Examples include critical minerals like lithium, heavy rare earths, and magnetite concentrates and pellets.

“This is about having effective and competitive royalty settings to incentivise downstream investment in value-adding mineral concentrates, chemicals and other products,” Mr Everingham said.

“These commodities typically involve higher levels of capital investment, processing intensity and complexity to achieve grades suitable for downstream production and as manufacturing inputs.

“Many are also highly technical and labour-intensive. For instance, lithium sales make up only one per cent of the sector’s total exports but operators employ four per cent of the workforce.

“It’s well-documented how important minerals associated with the battery supply chain, including lithium and rare earths, could be for WA’s long-term economic prosperity.
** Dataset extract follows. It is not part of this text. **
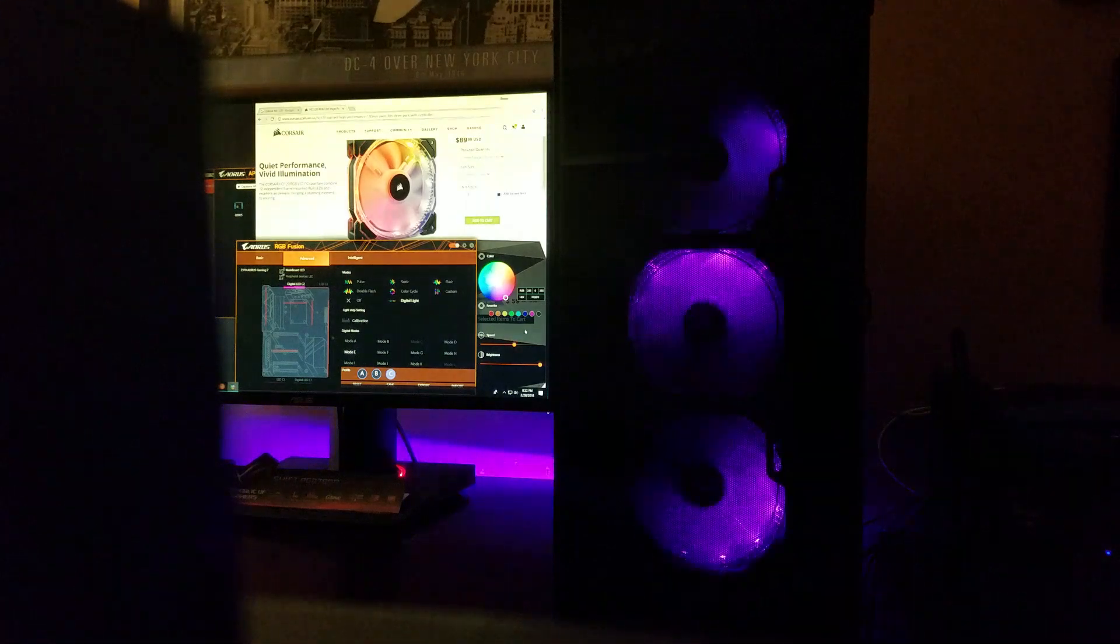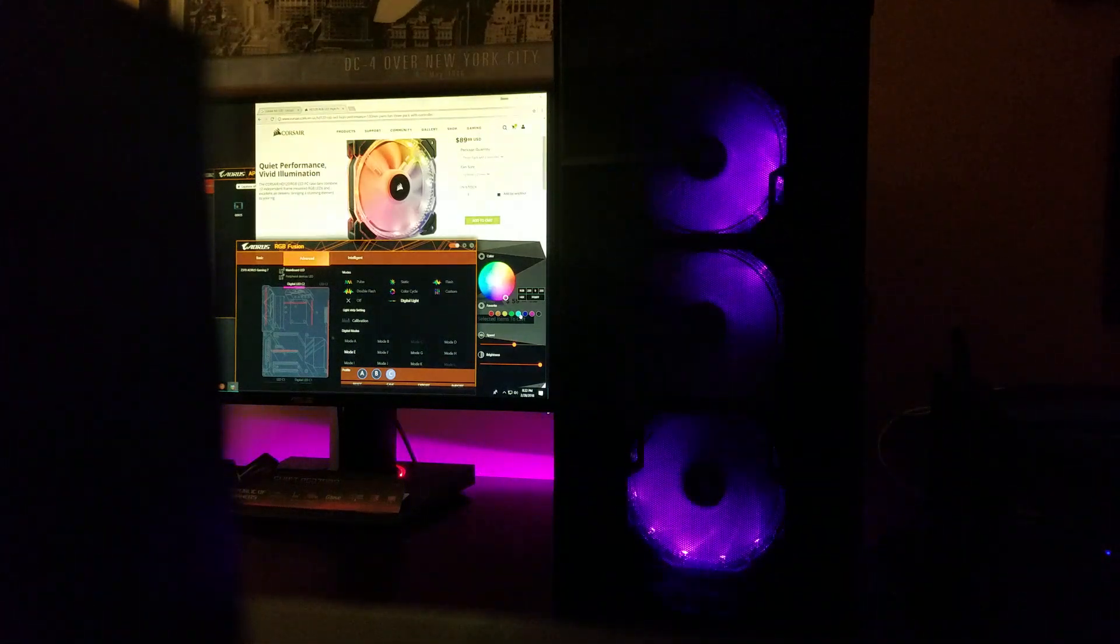Here we have mode E. It's kind of going back and forth and you can select any color from the color wheel.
But to ensure that happens, we need to be encouraging investment now.”

CME is also a strong advocate for streamlining regulatory reforms which makes it easier to invest and do business in WA. This includes priority delivery of ‘single touch’ environmental approvals reform, which will result in Commonwealth and State environmental assessment and approvals being facilitated under one process by the WA regulator, supported by robust standards and governance.

Mr Everingham said a bold reform agenda would help drive a quicker return to growth in WA, noting the impacts of COVID-19 are still being felt and are likely to weigh heavily on the global economy for years to come.

“The WA Government has stated on numerous occasions that it wants to reduce unnecessary red tape to drive better decision-making and help stimulate the economy, and the mining and resources sector is welcoming of that approach,” Mr Everingham said.

“We would ask that the Streamline WA initiative is appropriately funded and resourced to continue delivering on its whole-of-government mission in an effective, timely manner.

“There are immediate, low-risk gains that can be made through measures like omnibus bills, while a more effective lead agency or case management framework can also be used to accelerate end-to-end project approvals.”